Features with large geometries cannot be loaded in Hydrocron with current methods

SWOT Lake data has much larger and more complex geometries (polygons) than Rivers (lines) or Nodes (points). Anecdotally, lake polygon geometries can have ~50,000+ vertices. DynamoDB has an item size limit of 400 KB. These very large geometries can exceed the item limit and cause the database load to fail.

We have a few options for how to handle this:

Store the full items as json objects in S3, with the dynamodb entry containing just the lake_id, time, and index to the S3 record: https://docs.aws.amazon.com/amazondynamodb/latest/developerguide/bp-use-s3-too.html
Simplify the polygons, which will require deciding on and documenting the tolerance value to use as well as any impact to topology: https://geopandas.org/en/stable/docs/reference/api/geopandas.GeoSeries.simplify.html
Store only the centerpoints to continue supporting geojson as a return type, but otherwise not promise to return the geometry field at all. My thinking here is that since Hydrocron is not designed to support direct visualization of the features (which will eventually be available through EGIS), I'm not sure if there's value in returning a simplified geometry over no geometry for prior lakes specifically.

A consideration is that ~geometries for prior lakes can be found in the PLD (SWORD equivalent)~ reference geometries are in the PLD but the geometries in the prior shapefiles do not necessarily match these ; whatever we decide here will also affect how we implement support for observed and unassigned lakes in the future, where the geometries can only be found in the source shapefiles.
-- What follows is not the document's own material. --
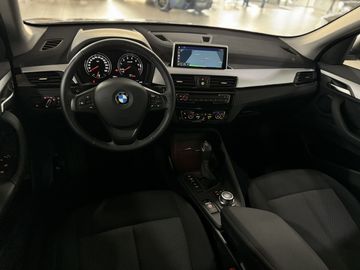 Car image 36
Will need to gather stakeholder input on specific use cases, also curious to hear thoughts from @cassienickles @ScienceCat18 @frankinspace @nikki-t

My initial thoughts are that returning the full geometries of the lake feature would be important to end users, even if their end goal is not visualization. But I think the best thing to do is to ask our early adopters at the USGS/OSU/CUAHSI WG meeting, to get a better sense for the applications of the service (use cases) with lakes data. USGS mentioned they've been getting questions about lakes (even more so than rivers), so I am hoping they can provide some initial guidance on use cases. It could turn out that simplifying the geometry is sufficient for the API applications, and the WFS service (still to come) will facilitate the use cases where full geometries are needed.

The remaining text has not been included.